The telecast of last Tuesday night’s Wild-Senators game from Xcel Energy Center was the highest-rated regular season Wild game ever on Fox Sports North.  The game had a 7.12 household rating in the Minneapolis-St. Paul market area, according to Nielsen Media Research and was the No. 1 program in the area among all male demographics.

The Wild defeated the Senators in a shootout game, 3-2.  Also adding interest to the telecast was the addition of Jordan Leopold and Chris Stewart through trades the previous day. The 7.12 rating broke the previous 6.13 record the Wild set on February 24 against the Oilers.  February’s 4.63 average was the highest-rated month ever for the Wild on Fox Sports North.

In the Minneapolis-St. Paul market, 17,280 households represent one rating point, indicating more than 123,000 households tuned in for Tuesday evening’s game.

On Senior Day yesterday the Gophers lost their fifth game in the last six when Penn State won 79-76 on D.J. Newbill’s last second three point shot.  Minnesota is 17-14 overall and 6-12 in the Big Ten heading into the conference tournament on Wednesday when the Gophers, the No. 11 seed, play Rutgers, the No. 14 seed, starting at 6 p.m. in Chicago.

Elliott Eliason
Elliott Eliason

Gophers senior center Elliott Eliason, who started 35 games last season, has been given minimal playing time as of late with coach Richard Pitino using more minutes on freshmen.  Eliason received his second start of the season yesterday but only played four minutes after not participating at all in the two previous games.

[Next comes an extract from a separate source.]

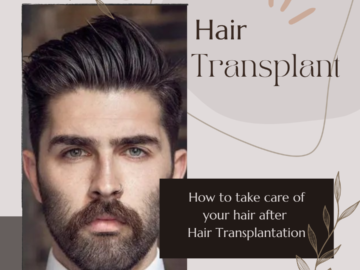 hair transplant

Apple Valley High School sophomore shooting guard Gary Trent, Jr., who is among the state’s most recruited prospects, sat in the second row near the Gophers’ bench for yesterday’s game.  Trent has offers from Minnesota, Providence and Texas Tech, according to Rivals.com.  Trent’s teammate, junior center Brock Bertram, has an offer from Tech where former Gophers coach Tubby Smith has finished last in the Big 12 Conference with a 3-15 record.

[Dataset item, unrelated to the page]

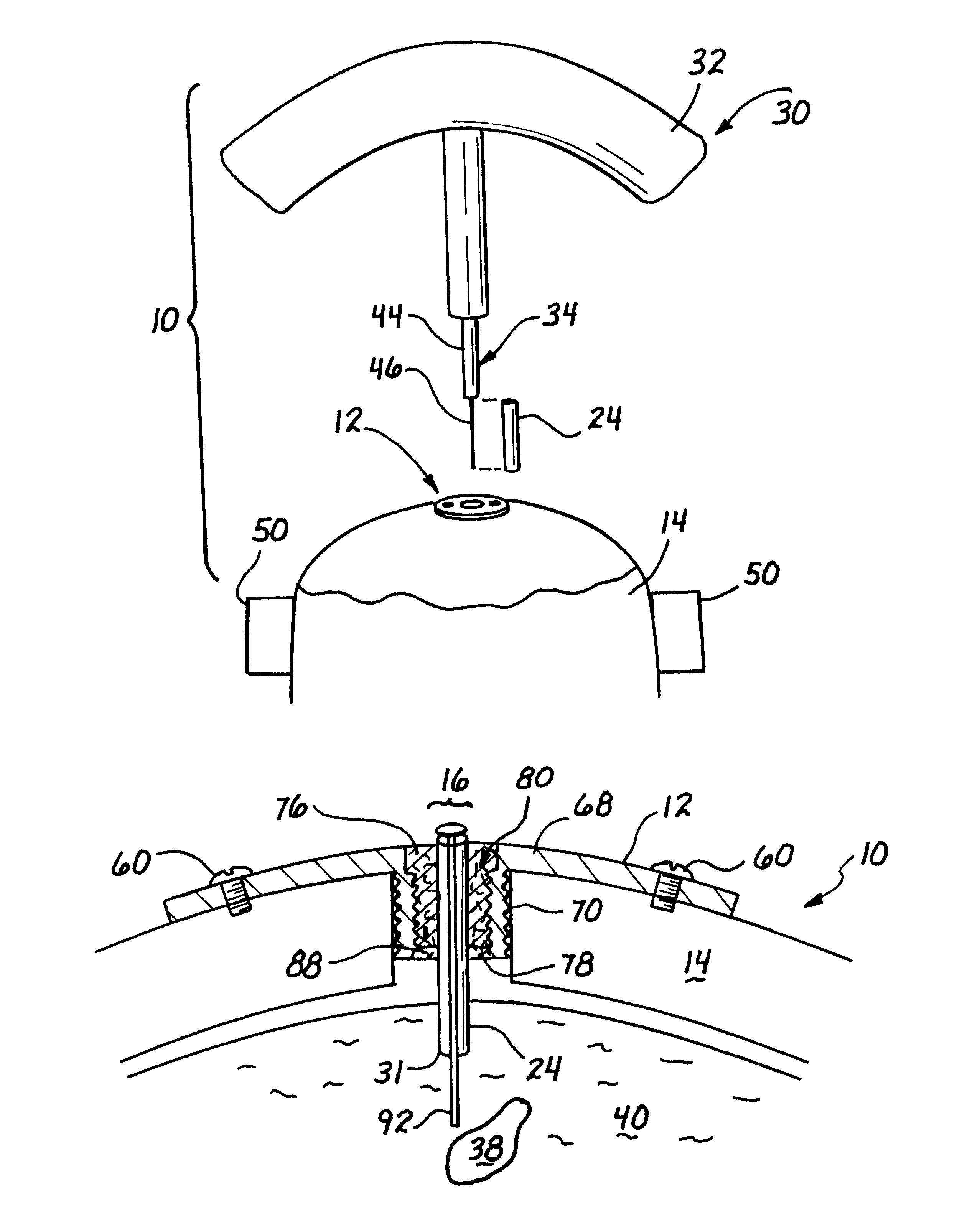 Stereotaxic detachable needle extension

Ken Lien from the Mr. Basketball Committee e-mailed names of the five finalists for the 2015 Mr. Basketball Award:  Sacar Anim, DeLaSalle; Bjorn Broman, Lakeview Christian Academy; JT Gibson, Champlin Park; Jarvis Johnson, DeLaSalle; Marshawn Wilson, Hill-Murray.  The award goes annually to a high school senior, and this year’s winner will be announced after the boys state tournament games.

Next Sunday ESPN airs the new “30 for 30” documentary on Christian Laettner.  The program focuses on his career and polarizing fan reaction that followed him long after his game-winning shot against Kentucky, advancing Duke to the 1992 NCAA Final Four.  Laettner, the former Timberwolves No. 1 draft choice, will be headlining two youth clinics at Wayzata East Middle School in Plymouth on March 21 for the Timberwolves Basketball Academy.

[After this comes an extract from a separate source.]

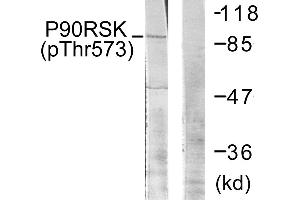 Western blot analysis of extracts from 293 cells, treated with UV (30 mins), using p90 RSK (Phospho-Thr573) antibody. (RPS6KA3 抗体  (pThr573))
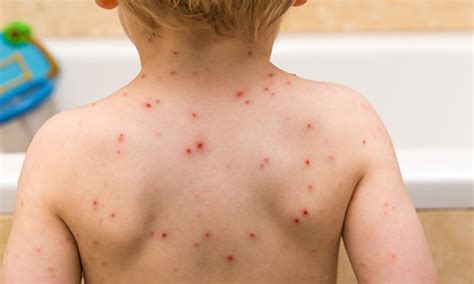 Chickenpox | NHS inform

The Gophers football team has spring practice sessions Tuesday and Thursday at the Gibson-Nagurski Football Complex.  Both practices begin at 4:15 p.m. and are open to the public.  Thursday’s practice is the Gophers’ last until resuming sessions again on March 24.

The Minnesota United leaves for Brazil on Wednesday to hold a preseason camp.  The NASL club had an earlier preseason camp in Arizona and opens its regular season on April 11 at Tampa Bay.  The home opener at the National Sports Center in Blaine is April 25.

The United has six Brazil natives: forward Pablo Campos, midfielders Ibson, Daniel Mendes and Juliano Vicentini, and defenders Tiago Calvano and Cristiano Dias.  The United roster includes forward Miguel Ibarra who is also a member of the U.S. Men’s National team.

The United will play several exhibition games in Brazil and return home on March 24.

Ryan Galindo, who was announced as the new Washburn head football coach last week, is a 1999 graduate of the Minneapolis high school.  He played college football at St. Thomas and from 2003-2009 was an assistant coach at Washburn.  Later he was an assistant at Gustavus Adolphus under former Washburn head coach Pete Haugen before rejoining the Millers staff.  He was offensive coordinator for the Millers last year, working for head coach Giovan Jenkins who last week started as a volunteer coach at Minnesota.